16:14:25.779 Loading failed for the <script> with source “http://localhost:8080/index.js”. whole-jam:10282:1
16:14:25.984 [11ty][15:14:25.985 UTC] Connected reload-client.js:21:18

it should work now, the v1.0.4 is bundled with 11ty v2.0.1

[zachleat]

@murtuzaalisurti Can you use the showVersion dev server option to verify what dev server version is being used at run time? https://www.11ty.dev/docs/dev-server/#options

[murtuzaalisurti]

@zachleat yep, it's running v1.0.4

[zachleat]

@murtuzaalisurti can you test the repo above? it’s what I worked from to fix iirc https://github.com/rothsandro/repro.eleventy-404-csp Maybe I missed something!

[murtuzaalisurti]

@murtuzaalisurti can you test the repo above? it’s what I worked from to fix iirc https://github.com/rothsandro/repro.eleventy-404-csp Maybe I missed something!

@zachleat yeah, I was able to reproduce the error.
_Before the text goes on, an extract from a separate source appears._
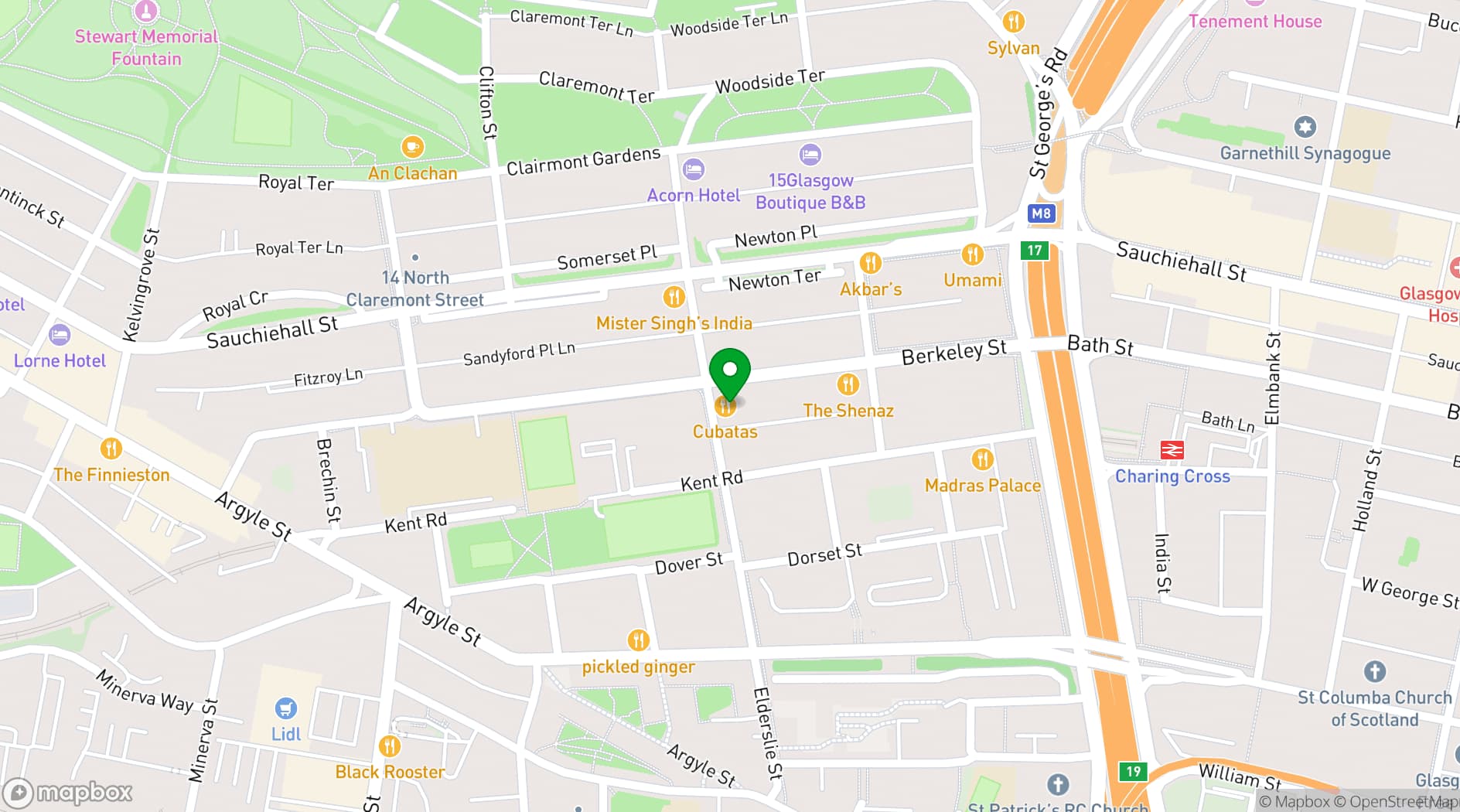 Map showing Horn Please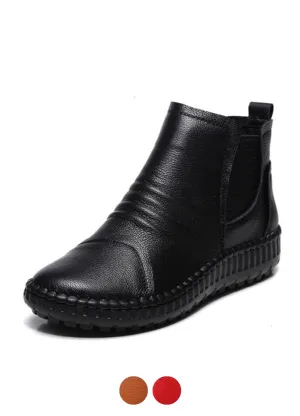 USS Shoes Rudy Women's Warm Leather Black Boots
It is evident in 11ty v2.0.0 which bundles 11ty dev server v1.0.3. No issues in v1.0.4 of 11ty dev server.

[zachleat]

great! can you upgrade to 2.0.1 and help report if the issue persists locally?

[murtuzaalisurti]

great! can you upgrade to 2.0.1 and help report if the issue persists locally?

no issues! works perfect.

[zachleat]

ah, hmm—I think we may need a new issue for yours then @murtuzaalisurti (sorry!)

[murtuzaalisurti]

@zachleat so, the expected behavior should be that 11ty v2.0.0 or any 11ty version prior to 2.0.1 should bundle 11ty dev server version 1.0.4 or the latest, right?

[zachleat]

For 2.0.0 from a fresh install, yes. There are additional complexities around pre-installed dependencies or npm cache using an already available version that meets the package.json requirements for 2.0.0. But installing 2.0.1 should guarantee @11ty/eleventy-dev-server 1.0.4+

https://github.com/11ty/eleventy/blob/v2.0.1/package.json#L99
https://github.com/11ty/eleventy/blob/v2.0.0/package.json#L99

[murtuzaalisurti]

@zachleat yep, you are right, I tried running 11ty on stackblitz with v2.0.0 and it bundles v1.0.4 of dev server! I might need to clear npm cache I guess.